*COLLECTED DATA*.
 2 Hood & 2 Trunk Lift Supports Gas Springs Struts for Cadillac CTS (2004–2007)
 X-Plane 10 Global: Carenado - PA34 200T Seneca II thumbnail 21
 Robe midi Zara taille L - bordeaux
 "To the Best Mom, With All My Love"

*TASK DIRECTIONS*.
Line by line, output the listing above without alteration.

*ANSWER BOX*.
 2 Hood & 2 Trunk Lift Supports Gas Springs Struts for Cadillac CTS (2004–2007)
 X-Plane 10 Global: Carenado - PA34 200T Seneca II thumbnail 21
 Robe midi Zara taille L - bordeaux
 "To the Best Mom, With All My Love"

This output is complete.